Toxicity of selected symmetrical hexachlorobiphenyl isomers in the mouse

Abstract

Five-week-old male mice were given: 0.3, 1, 3, 10, 30, 100, or 300 ppm of 3,4,5,3′,4′,5′-hexachlorobiphenyl (HCB); 10, 30, 100 or 300 ppm of 2,4,5,2′,4′,5′-HCB, 2,3,6,2′,3′,6′-HCB, or 2,4,6,2′,4′,6′-HCB in feed daily for 28 days. HCB residue levels were determined in adipose tissue and liver. There were marked differences in dose response and severity of pathologic effects among the isomers. 3,4,5,3′,4′,5′-HCB was the most toxic isomer causing mortality, and body and organ weight effects at all dose levels, and was the only isomer which produced excess porphyrin accumulation.
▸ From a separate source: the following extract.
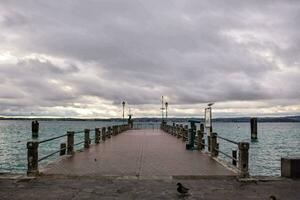 a pier with a bird on it and a cloudy sky photo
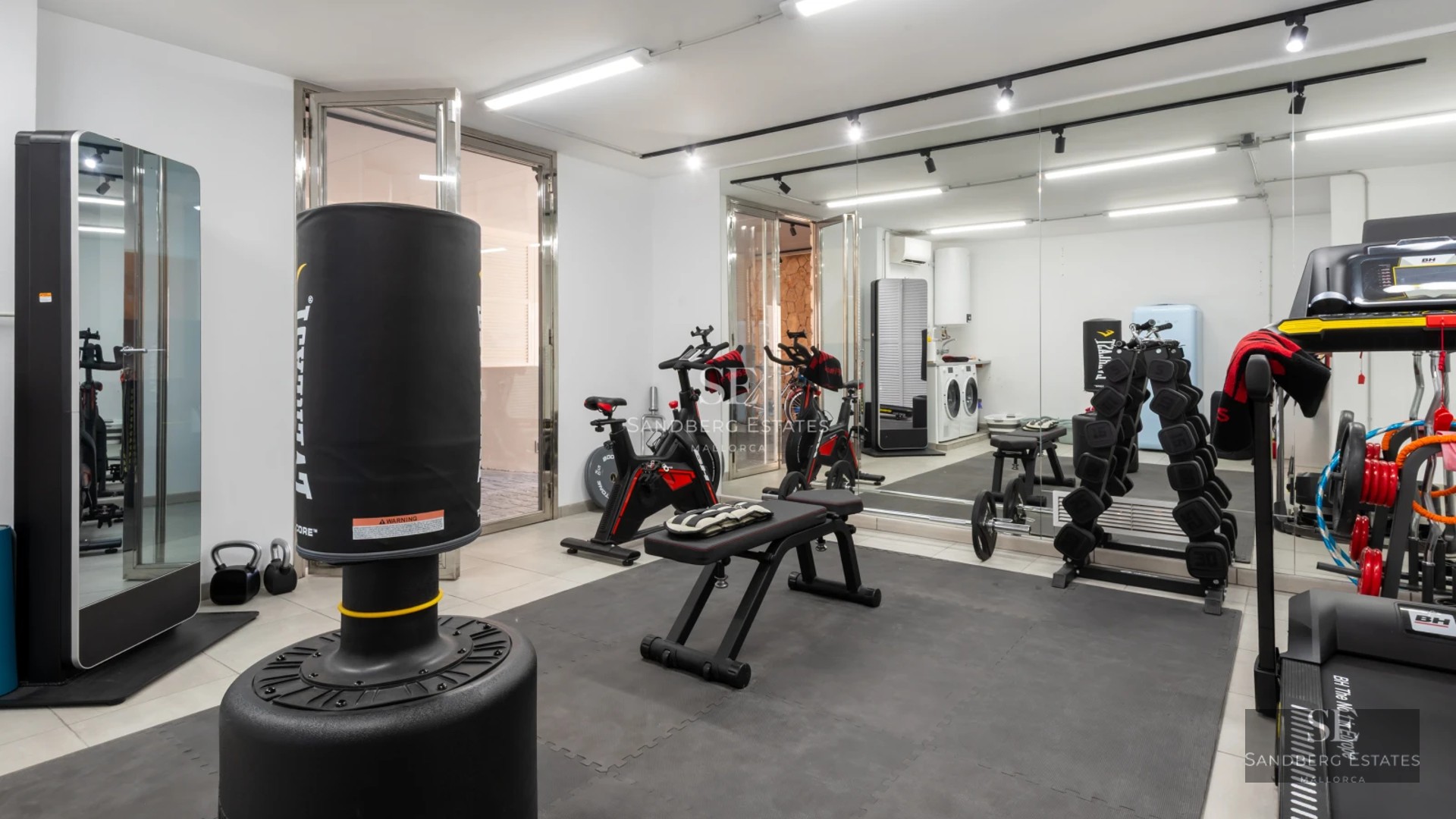 View of modern infinity pool, surrounded by garden and terrace. Minimalist architecture with large windows.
It was also the most concentrated isomer in fat and liver. 3,4,5,3′,4′,5′-HCB caused subcutaneous edema, enlargement of liver with accentuated hepatic lobular markings, fatty infiltration, hepatocellular swelling and necrosis, and atrophy of the thymus. 2,4,6,2′,4′,6′-HCB and 2,4,5,2′,4′,5′-HCB caused the same lesions but to a lesser degree. Slight cardiomyopathy was observed with 2,4,6,2′,4′,6′-HCB. The decreasing order of overall toxicity was 3,4,5-HCB >> 2,4,6-HCB > 2,4,5-HCB > 2,3,6-HCB.